The Darß Forest (pronounced "Darss", Darßwald) is a wooded region on the western coast of the peninsula of Darß on Germany's Baltic coast. There are no settlements in the forest. Villages on the outskirts are Ahrenshoop and Born in the south and Wieck and Prerow in the east. The Darß Forest covers an area of 5,800 hectares and is part of the Western Pomeranian Lagoon Region National Park. The area around Darßer Ort and the northwestern part of the forest belong to conservation zone 1. Here, the land may not be used for human exploitation and the aim is to allow the areas to develop naturally.

== History ==
This area was formed during the development of a graded shoreline from rows of beach berms, which are recognisable today as a system of embankments (locally known as Reff) and damp depressions (Riegen). Three thousand years ago the sea level was higher, so that old cliffed coastlines like the Alte Meerufer ("Old Seashore") may be found within the Darß Forest itself.

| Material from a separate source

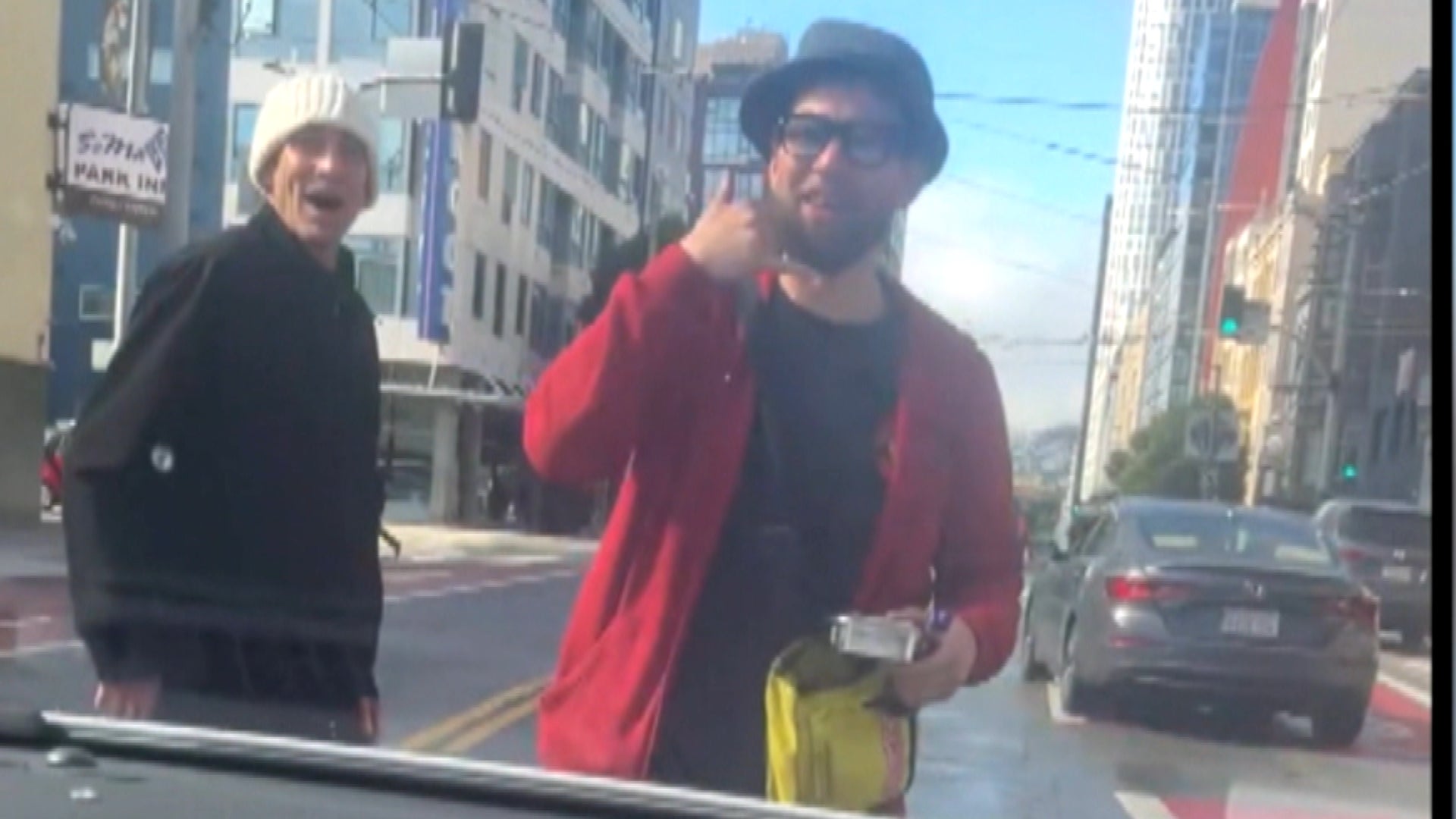 Man blocking Waymo car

In the past, much of the area covered today by the Darß Forest comprised pastureland. Oddly formed beech trees are evidence of that. The periods of occupation of Pomerania by Danes and French led to deforesting in the Darß Forest. The wood of felled yew trees was used, for example, to line the interior of the Danish palaces of Amalienborg and Rosenborg. Prussian foresters reforested the areas affected with fast-growing softwoods such as spruce, larch and Douglas fir. Much later, the pines were tapped for resin during GDR times.

During the Middle Ages, the Darß Forest was used by the Pomeranian dukes as a hunting ground. Subsequently, the forest became a state hunting ground by the Swedish king in the 19th century, by Hermann Göring in the 20th century, and by hunters of the SED leadership during GDR times. The result was and is an unusually high level of game, especially Red Deer and Roe Deer. A bison population was established in the 1930s but died out in 1945.

The ridges and troughs (Reffen and Riegen) of the Darß Forest run predominantly from east to west. The tree species of the higher ridges are Scots Pine, English Oak and Common Beech. The lower-lying troughs are covered with Alder. Bracken covers much of the ground and, together with the high density of game, prevents the natural rejuvenation of the tree population.